WHAT YOU SHOULD DO: Copy, word for word, the lines below from the one containing "The while loop checks" up to and including the one containing "Welcome guys to", with pictures left out.

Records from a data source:
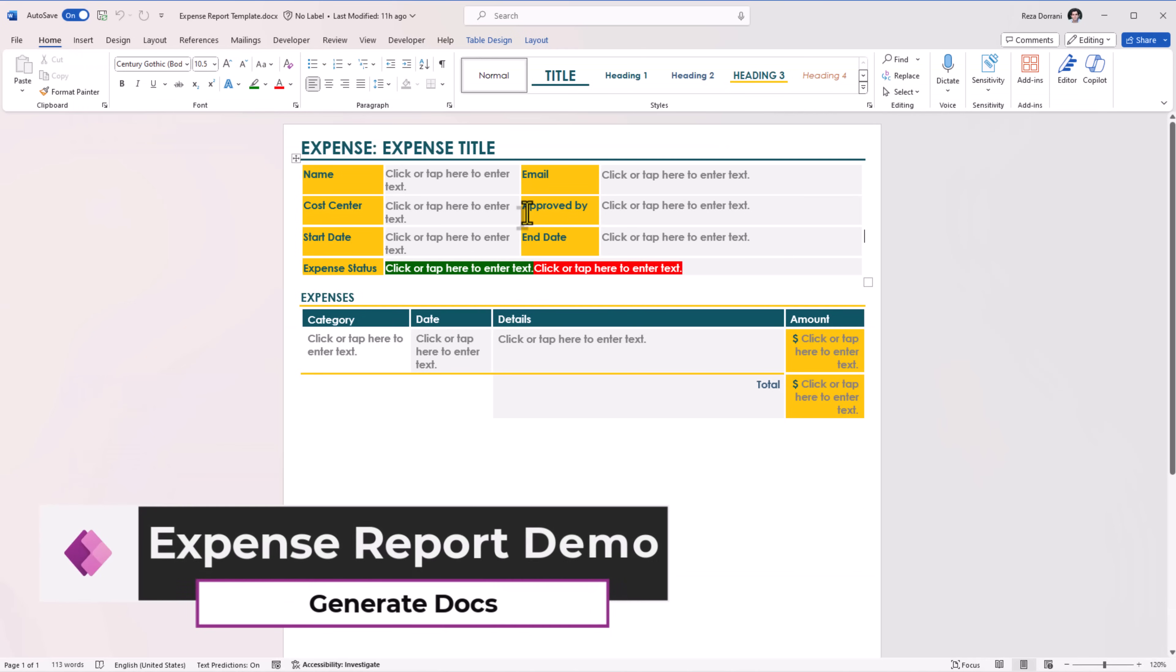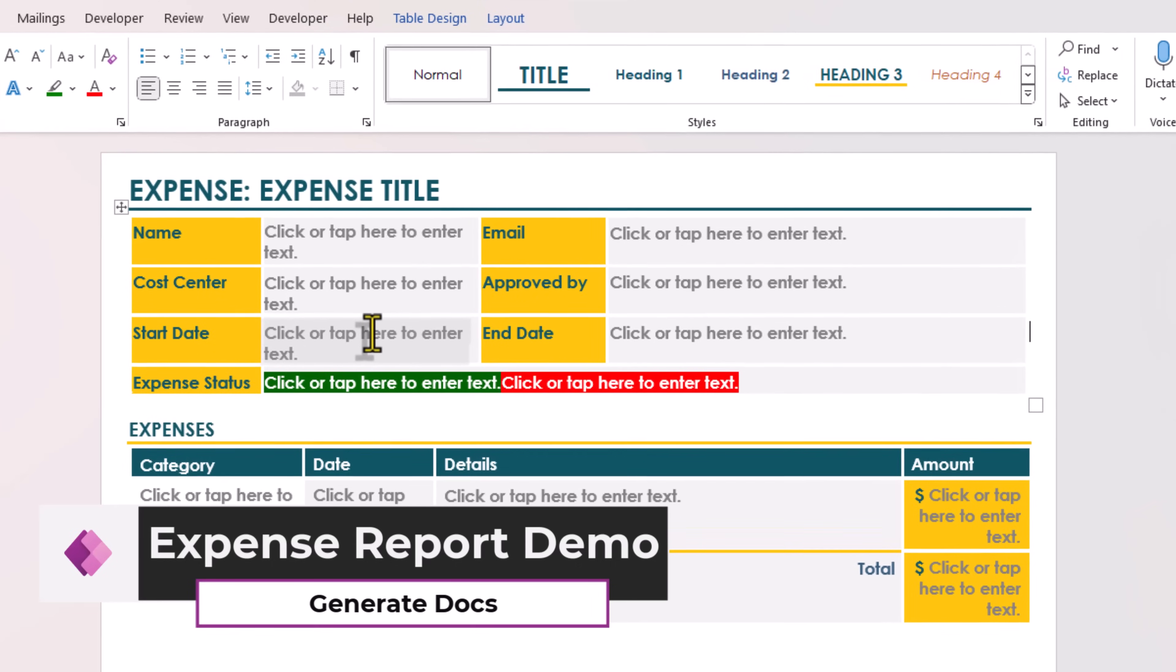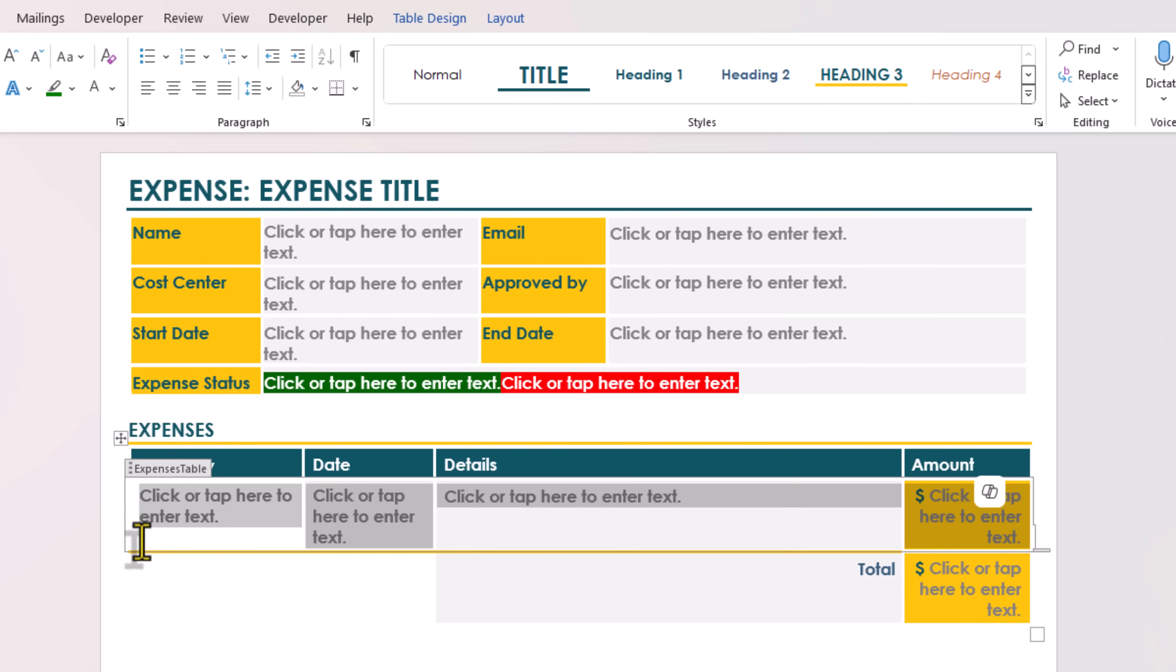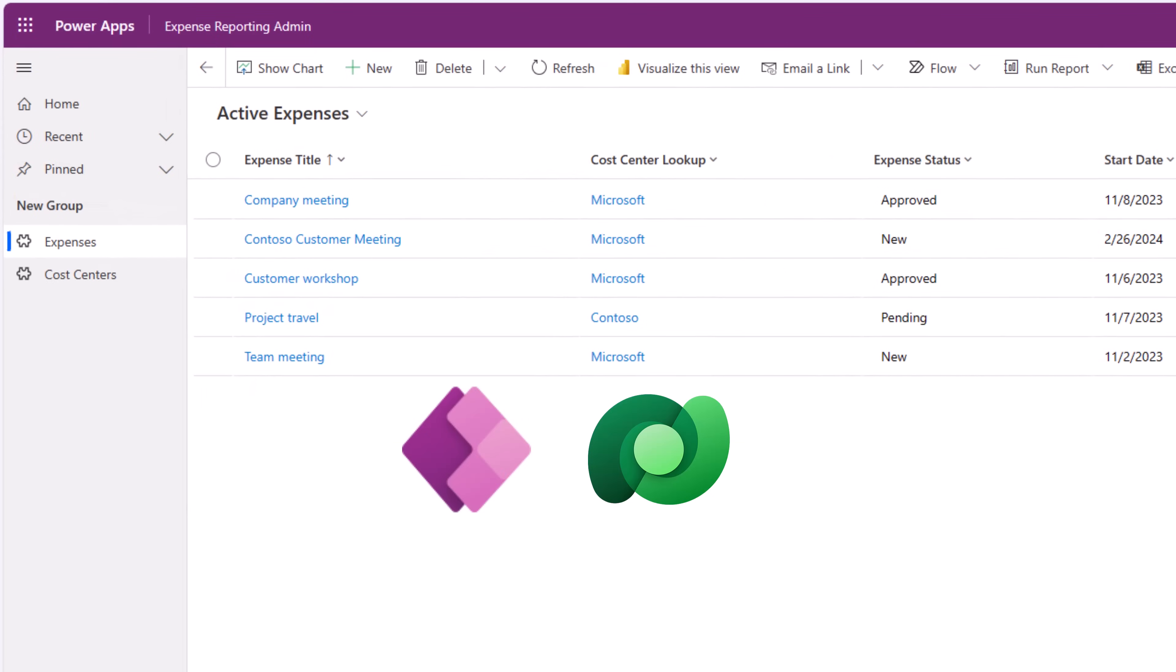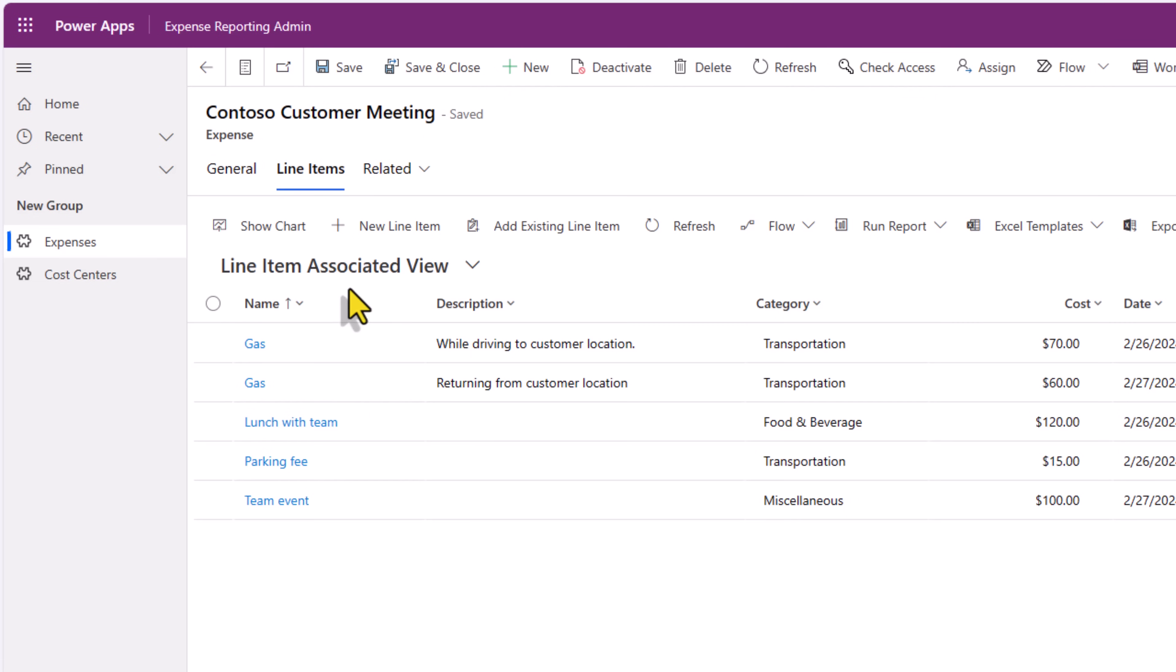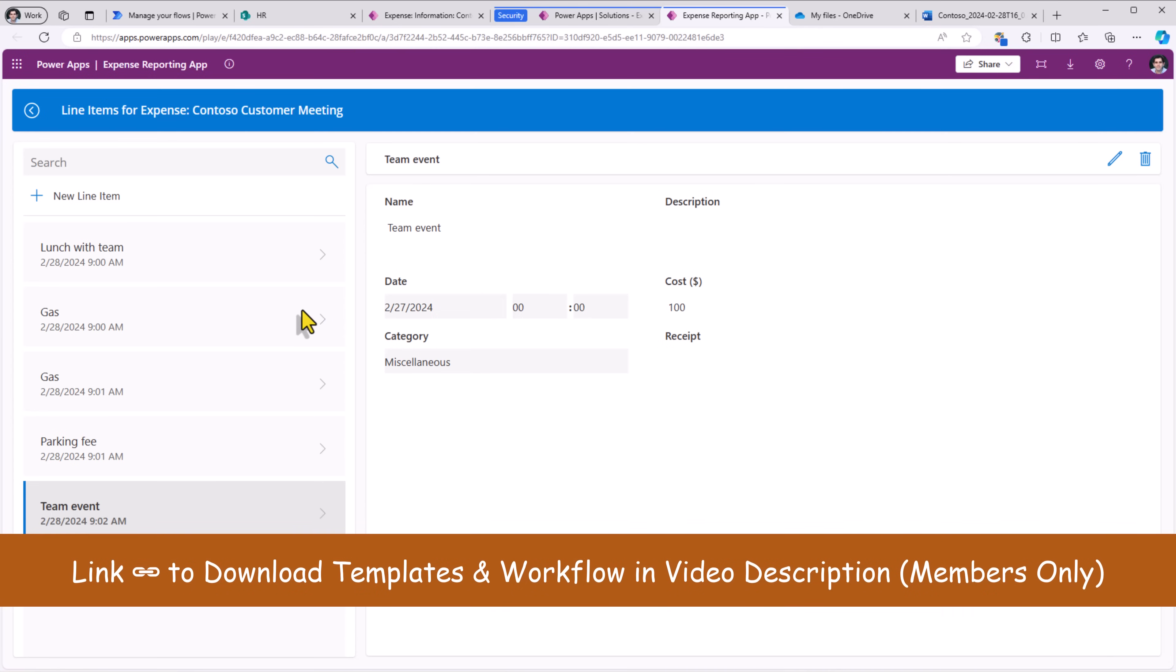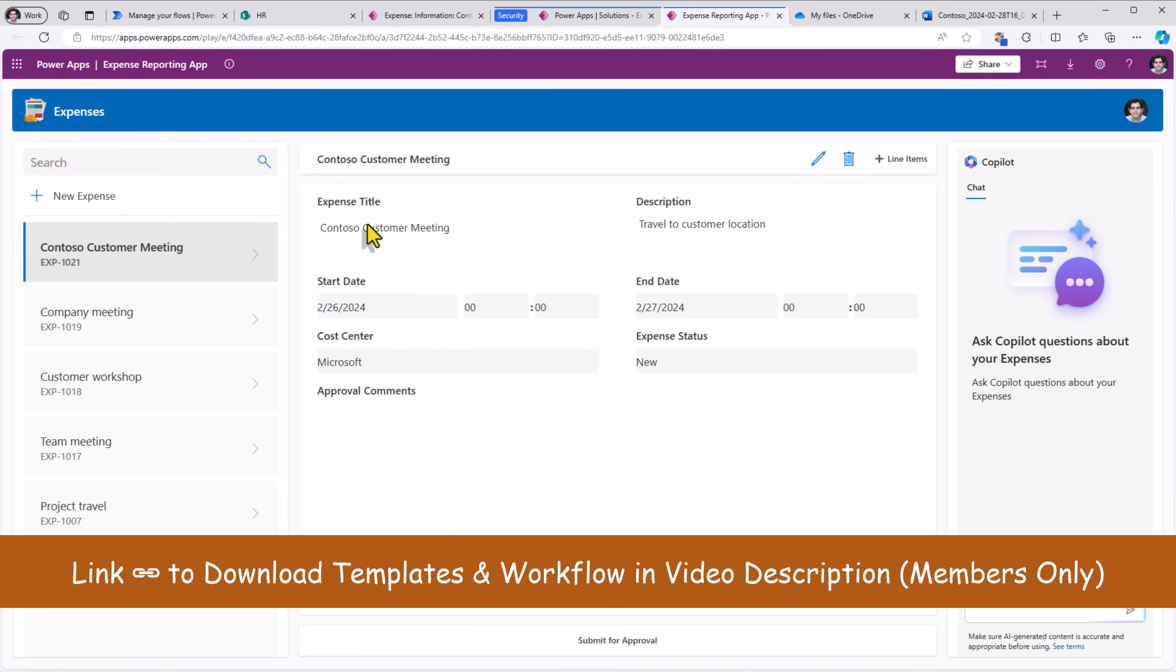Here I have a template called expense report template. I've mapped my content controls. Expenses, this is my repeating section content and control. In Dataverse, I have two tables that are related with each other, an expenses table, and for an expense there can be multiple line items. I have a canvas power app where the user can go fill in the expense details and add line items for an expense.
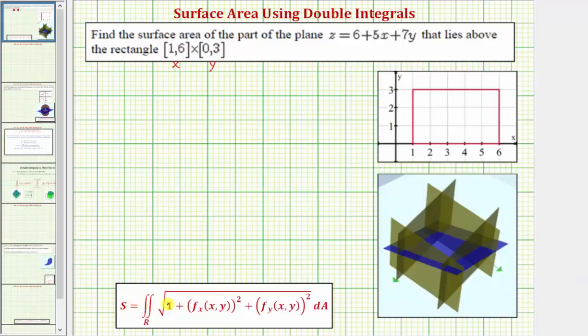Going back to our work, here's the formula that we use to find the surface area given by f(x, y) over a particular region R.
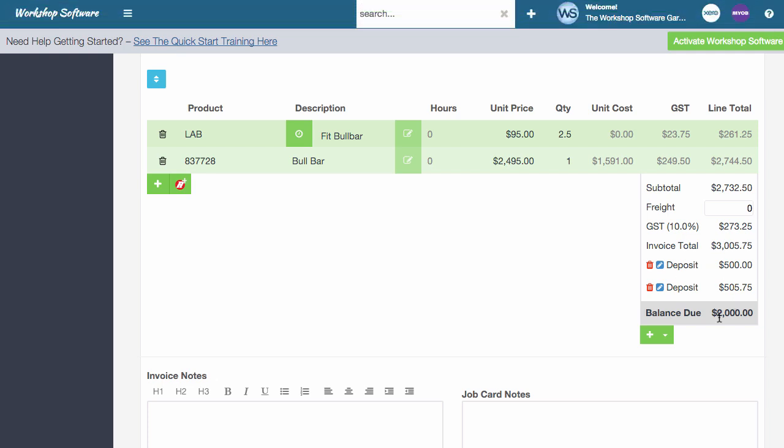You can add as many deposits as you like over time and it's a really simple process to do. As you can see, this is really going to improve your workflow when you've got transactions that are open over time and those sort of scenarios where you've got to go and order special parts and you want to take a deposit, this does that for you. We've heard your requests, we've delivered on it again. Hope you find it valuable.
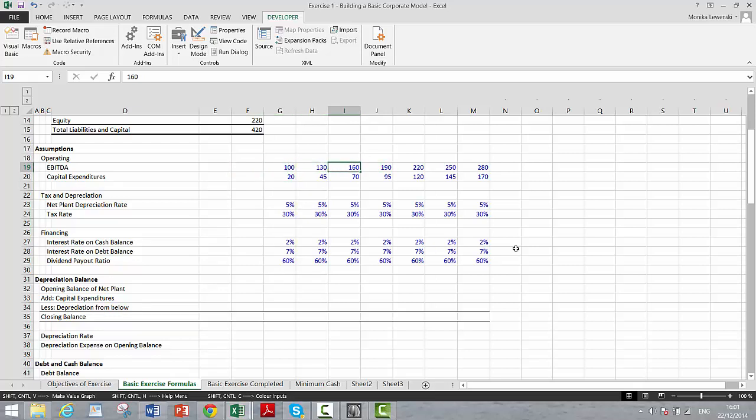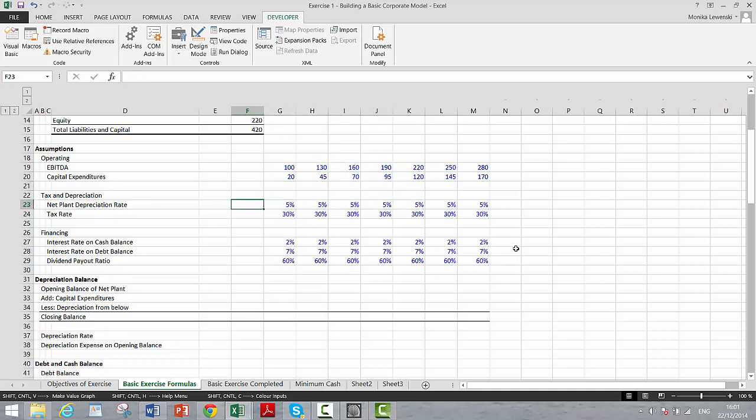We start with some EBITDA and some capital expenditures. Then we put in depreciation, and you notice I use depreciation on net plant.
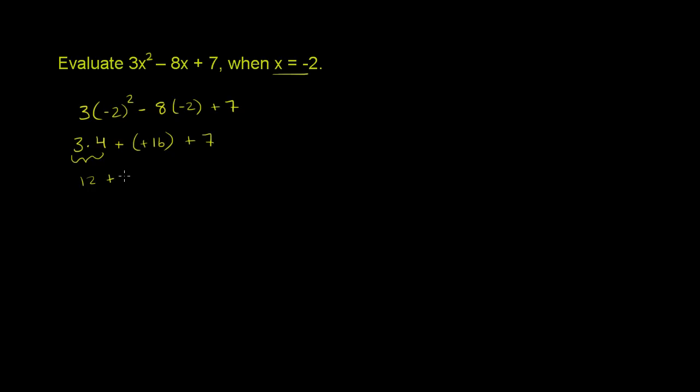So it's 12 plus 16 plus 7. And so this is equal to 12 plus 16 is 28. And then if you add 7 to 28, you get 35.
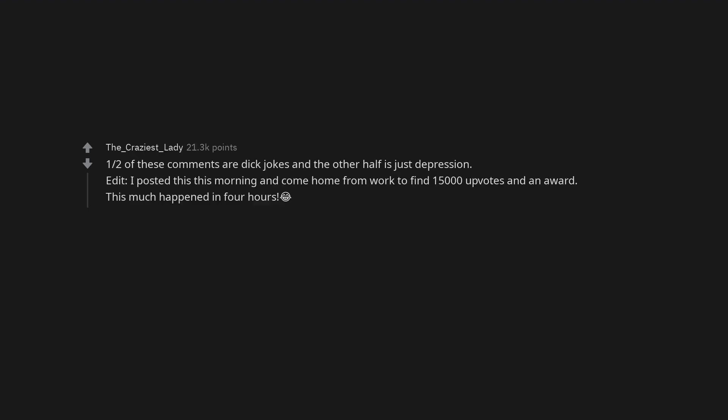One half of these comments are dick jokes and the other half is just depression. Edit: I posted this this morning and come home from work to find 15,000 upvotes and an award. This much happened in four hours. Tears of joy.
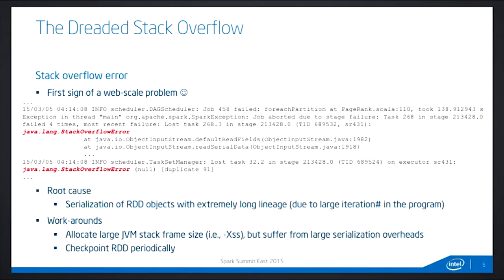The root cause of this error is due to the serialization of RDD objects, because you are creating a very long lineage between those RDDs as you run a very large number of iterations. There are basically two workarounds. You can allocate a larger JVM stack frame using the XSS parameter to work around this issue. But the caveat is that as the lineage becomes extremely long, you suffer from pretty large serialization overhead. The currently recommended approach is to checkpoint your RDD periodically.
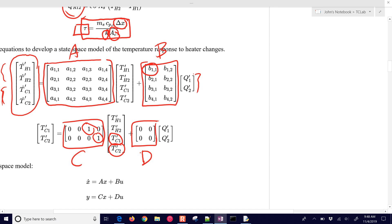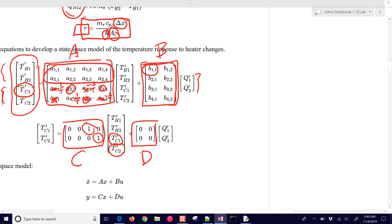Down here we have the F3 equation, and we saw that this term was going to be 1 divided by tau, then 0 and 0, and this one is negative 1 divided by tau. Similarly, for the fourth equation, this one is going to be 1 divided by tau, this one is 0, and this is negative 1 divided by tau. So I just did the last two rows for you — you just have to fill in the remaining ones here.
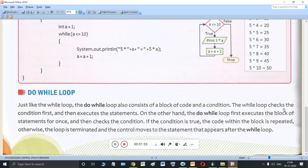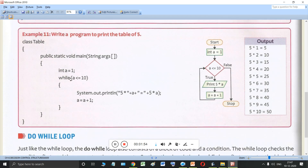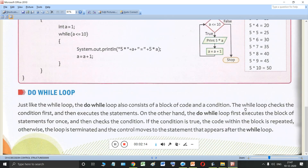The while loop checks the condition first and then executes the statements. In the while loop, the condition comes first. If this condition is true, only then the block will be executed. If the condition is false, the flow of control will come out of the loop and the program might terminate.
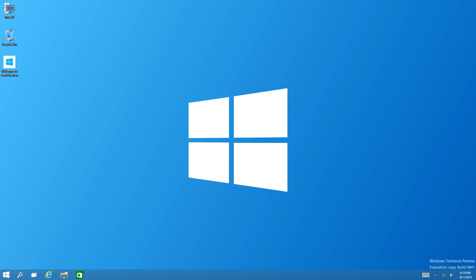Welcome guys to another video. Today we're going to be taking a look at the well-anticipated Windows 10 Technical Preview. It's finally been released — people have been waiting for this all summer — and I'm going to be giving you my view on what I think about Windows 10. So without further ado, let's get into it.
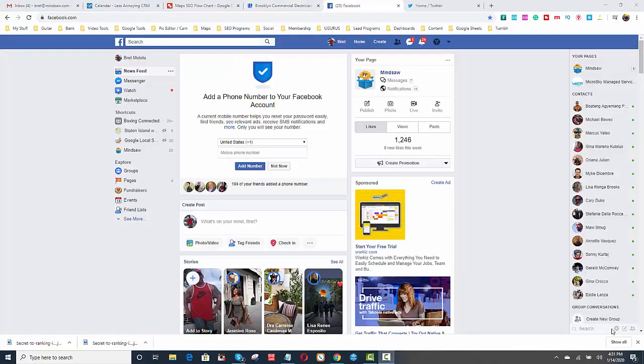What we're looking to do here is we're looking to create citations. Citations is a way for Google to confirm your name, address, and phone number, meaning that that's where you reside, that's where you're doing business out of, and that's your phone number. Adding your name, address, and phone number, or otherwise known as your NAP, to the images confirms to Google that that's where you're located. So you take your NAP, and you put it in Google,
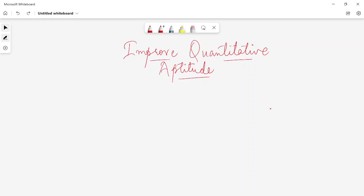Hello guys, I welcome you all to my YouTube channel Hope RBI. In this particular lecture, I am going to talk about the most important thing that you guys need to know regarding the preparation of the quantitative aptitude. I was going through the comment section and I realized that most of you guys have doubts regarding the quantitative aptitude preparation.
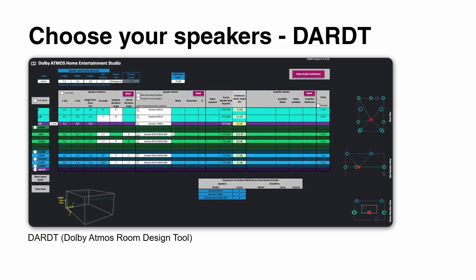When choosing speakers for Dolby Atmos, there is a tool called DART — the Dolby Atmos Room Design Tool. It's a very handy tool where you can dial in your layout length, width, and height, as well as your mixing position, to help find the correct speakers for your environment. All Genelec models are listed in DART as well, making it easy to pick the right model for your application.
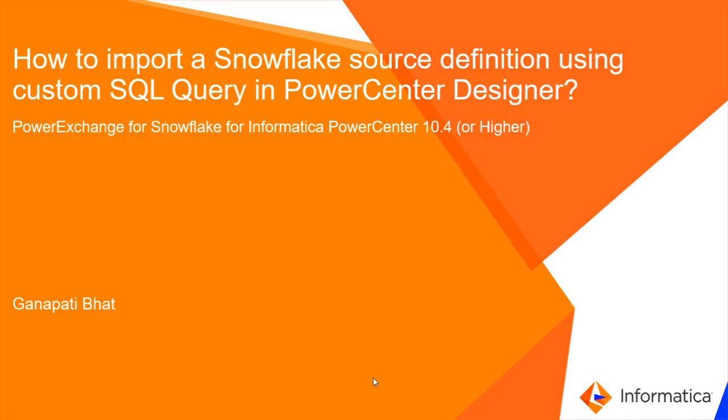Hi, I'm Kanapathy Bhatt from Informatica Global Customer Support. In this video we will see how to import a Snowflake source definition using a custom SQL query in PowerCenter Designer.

RESPONSE BOX:
The while loop checks the condition first and then executes the statements. In the while loop, the condition comes first. If this condition is true, only then the block will be executed. If the condition is false, the flow of control will come out of the loop and the program might terminate.
Welcome guys to another video. Today we're going to be taking a look at the well-anticipated Windows 10 Technical Preview. It's finally been released — people have been waiting for this all summer — and I'm going to be giving you my view on what I think about Windows 10. So without further ado, let's get into it.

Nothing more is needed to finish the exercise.